Gewessler will Gesetz ändern, ÖVP nicht

Klimaschutz- und Verkehrsministerin Leonore Gewessler (Grüne) hat am Donnerstag die nächsten Schritte in Sachen Bau des Lobautunnels vorgestellt. Es werde eine strategische Prüfung geben, sagte sie bei einer Pressekonferenz. Mit der Prüfung soll es möglich sein, den Lobautunnel aus dem Gesetz zu streichen und Alternativen zu entwickeln. Die ÖVP machte aber umgehend klar, dass es mit ihr keine Gesetzesänderung geben wird.

Vor knapp einem Jahr hatte Gewessler überraschend den Bau des Wiener Lobautunnels abgesagt. Zuletzt hatte Finanzminister Magnus Brunner (ÖVP) das aktuelle Straßenbauprogramm der ASFINAG unterschrieben, das den S1-Ausbau um Wien inklusive Lobautunnel nicht beinhaltet. Gewessler sprach von einem wichtigen Schritt, das Finanzministerium wollte das aber nicht als Absage verstehen.

Am Donnerstag kündigte die Verkehrsministerin die nächsten Schritte gegen den Bau an. Mit einer strategischen Prüfung sollen nun die Alternativen zum Lobautunnel evaluiert werden. Gleichzeitig soll mit der Maßnahme auch die Möglichkeit geschaffen werden, die Pläne zum Bau aus dem Bundesstraßengesetz zu streichen. „Das letzte Wort hat das Parlament, aber wir liefern die Grundlage“, sagte Gewessler.

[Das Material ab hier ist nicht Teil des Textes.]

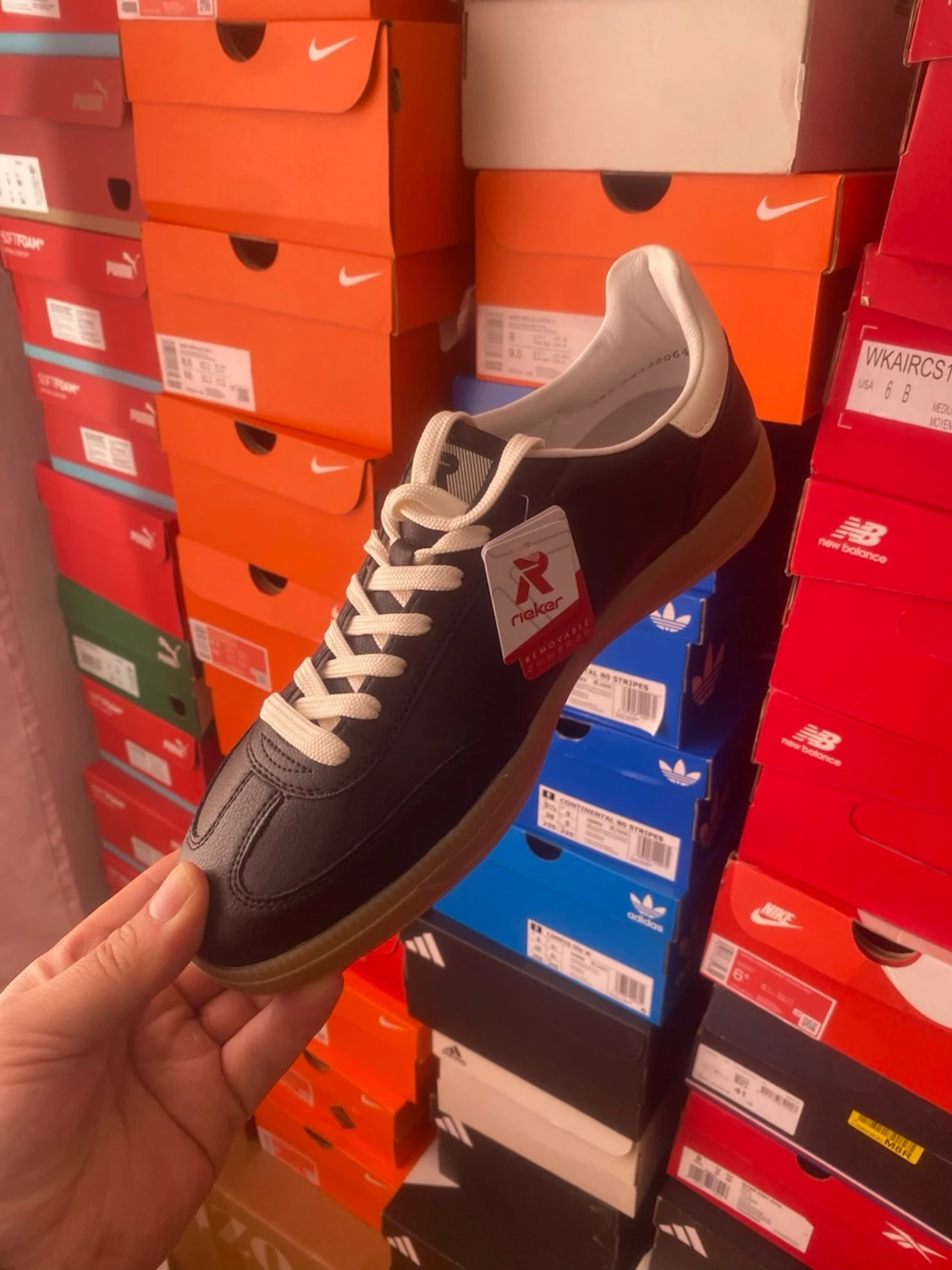 Svarta sneakers från Rieker - 1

Keine Gesetzesänderung mit ÖVP

Unterstützung erhält die Ministerin zwar von ihrer Partei, aber deren aktueller Koalitionspartner machte bereits kurz nach der Pressekonferenz klar, dass er da nicht mitspielen wird. Verkehrssprecher Andreas Ottenschläger (ÖVP) erklärte per Aussendung: „Mit uns als Volkspartei wird es keine Gesetzesänderung zur Streichung des Lobautunnels geben.“ Diese sei niemals Verhandlungsgegenstand und auch nicht Teil des gemeinsamen Regierungsprogramms gewesen.

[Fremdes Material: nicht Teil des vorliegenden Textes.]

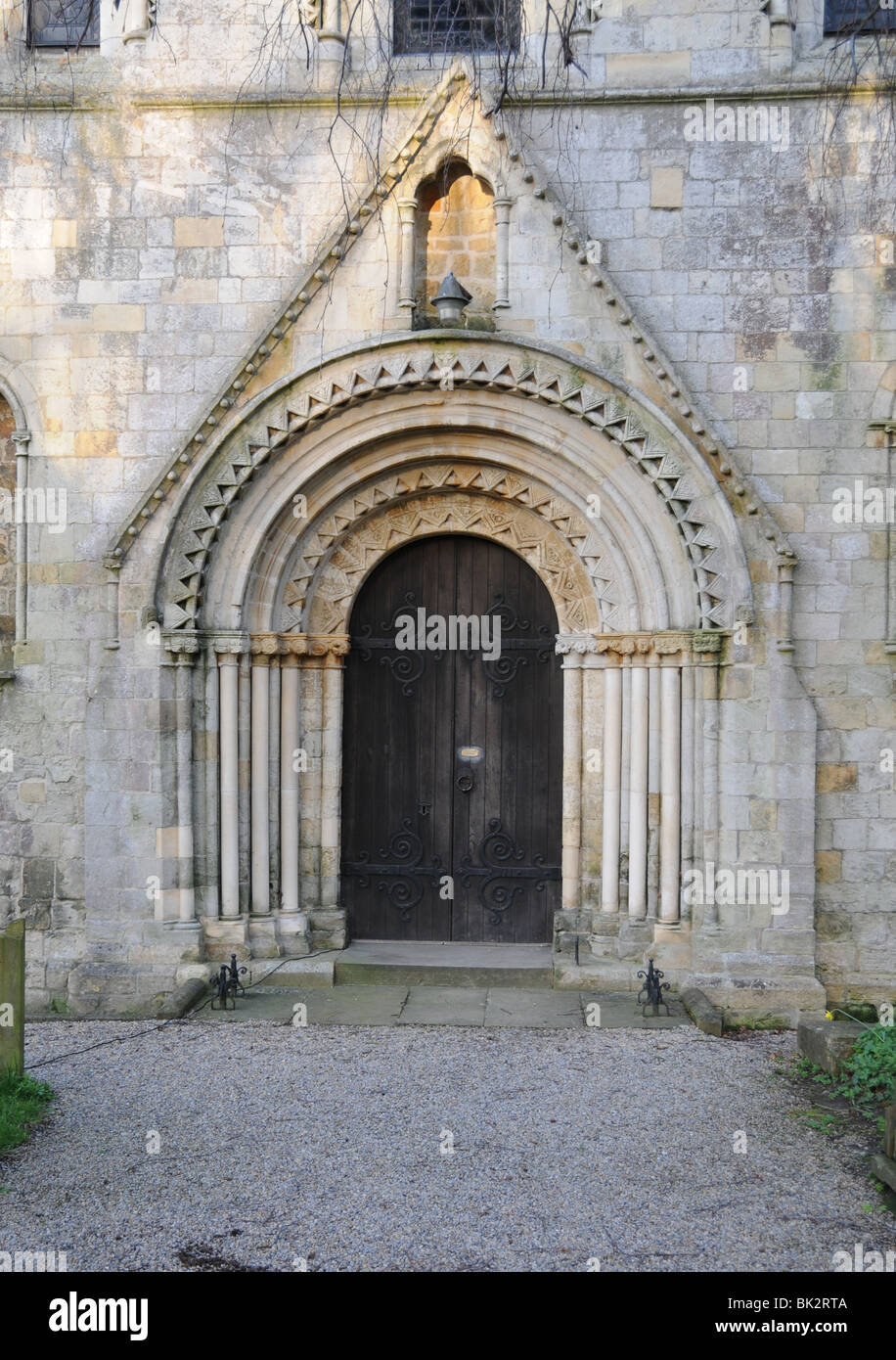 Porte ouest de l'Église du Prieuré de Saint Mary, dans Nun Monkton, Yorkshire, Angleterre Banque D'Images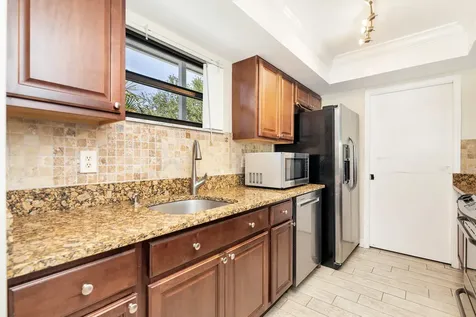 11863 Wimbledon Circle Wellington FL 33414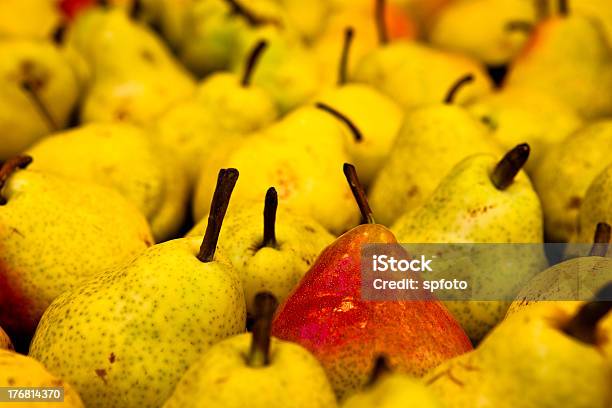 Foto de Peras e mais fotos de stock de Amarelo - Amarelo, Comida, Comida e bebida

Gewesslers im Alleingang verkündete Absage sei „inakzeptabel“, es habe davor auch keine Gespräche mit dem Koalitionspartner gegeben. Er hoffe, dass die Ministerin auf den Pfad der konstruktiven Zusammenarbeit zurückkehre. Harsche Kritik äußerte auch die Wiener ÖVP. „Der Lobautunnel ist und bleibt alternativlos. Grüne Fantasien von einer Welt ohne Straßen zeigen, wie lebensfern Bundesministerin Gewessler agiert“, so Landesparteiobmann Karl Mahrer.

FPÖ übt scharfe Kritik an Plänen

Die FPÖ übte ebenfalls scharfe Kritik an den Plänen der Ministerin. „Mit ihrer Ankündigung einer Strategischen Prüfung zur endgültigen Streichung des Lobautunnels aus dem Bundesstraßengesetz versucht die jeglicher Realität entrückte Ministerin, ein seit Jahrzehnten geplantes und für das Verkehrssystem der Stadt Wien genauso wie für die gesamte Ostregion bedeutsames Straßenbauprojekt endgültig zu vernichten“, sagte FPÖ-Verkehrssprecher Christian Hafenecker.

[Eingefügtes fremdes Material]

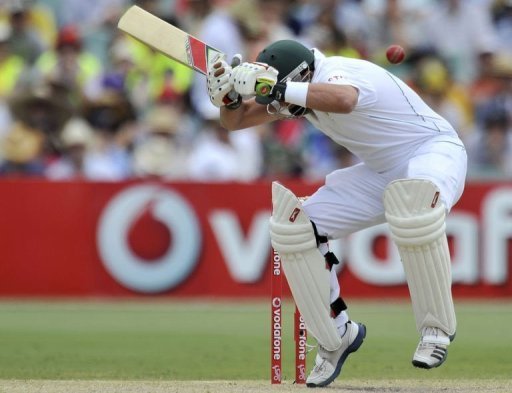 The injured Jacques Kallis was batting at number nine as South Africa struggled The injured Jacques Kallis was batting at number nine as South Africa struggled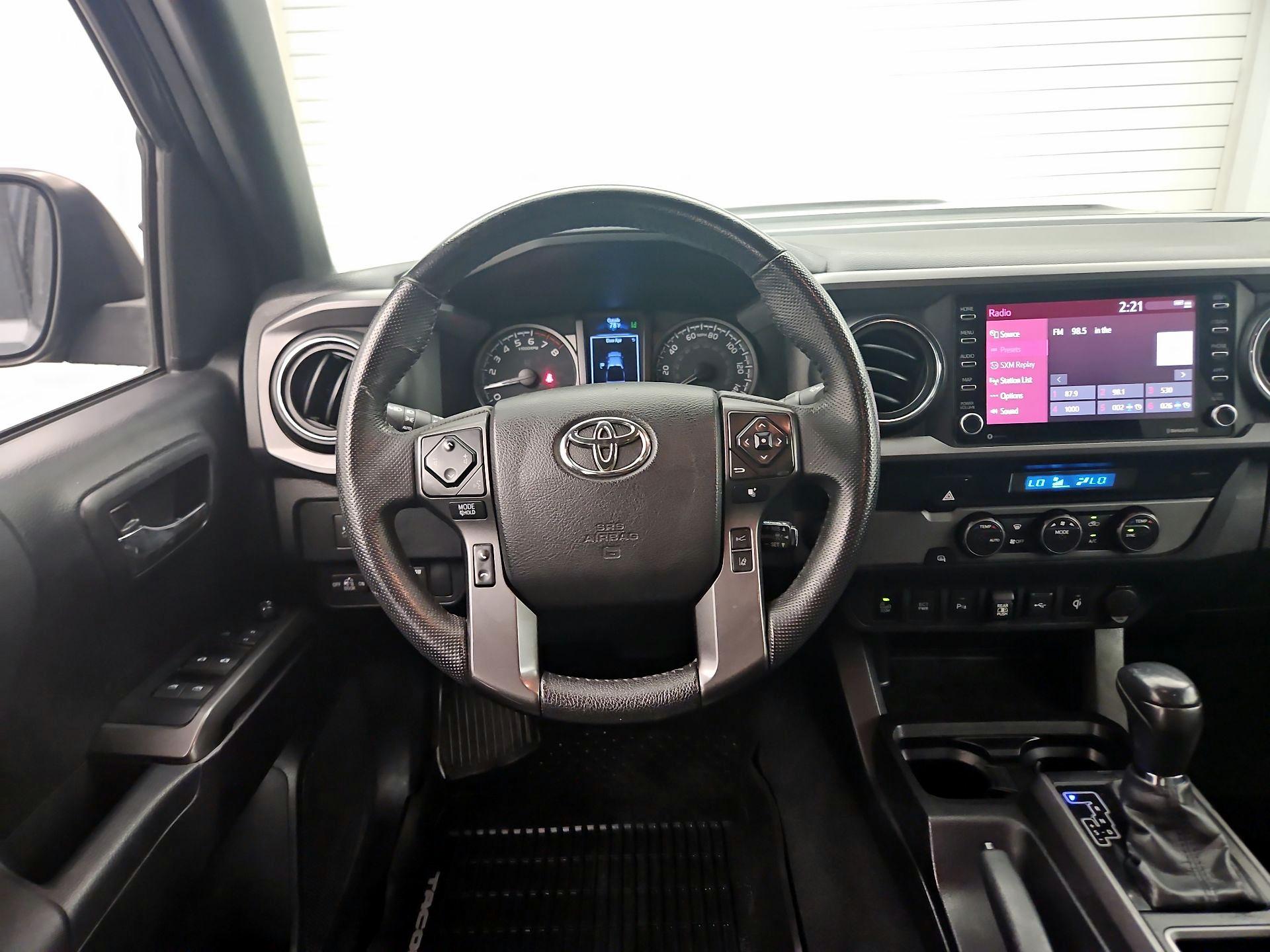 Thumbnail: 2021 Toyota Tacoma - 10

Die SPÖ hingegen ortete ein Ablenkungsmanöver der Ministerin und verteidigte die Stadt Wien, die auf den Lobautunnel pocht. „Während Wien als einziges Bundesland einen detaillierten Klimafahrplan hat, der den Weg zur Klimaneutralität bis 2040 vorgibt, fehlen die gesetzlichen Klimaziele auf Bundesebene schon seit mittlerweile 637 Tagen“, so Klimaschutzsprecherin Julia Herr in einer Aussendung.

Debatte über Kompetenzen

Seit der Ankündigung der Ministerin, den Lobautunnel nicht so bauen zu lassen, wie bereits in vielen Plänen verankert war, wird über die Kompetenz des Verkehrsministeriums in dieser Sache debattiert. Die Wirtschaftskammer (WKO) und die Stadt Wien vertreten die Meinung, dass bereits beschlossene Projekte umgesetzt werden müssten. Die Stadt Wien präsentierte etwa ein Gutachten, in dem ausgeführt wird, dass Gewessler die im Bundesstraßengesetz ausgeführte rechtliche Verpflichtung zur Fertigstellung der Nordostumfahrung (S1) nicht auf eigene Faust ändern kann.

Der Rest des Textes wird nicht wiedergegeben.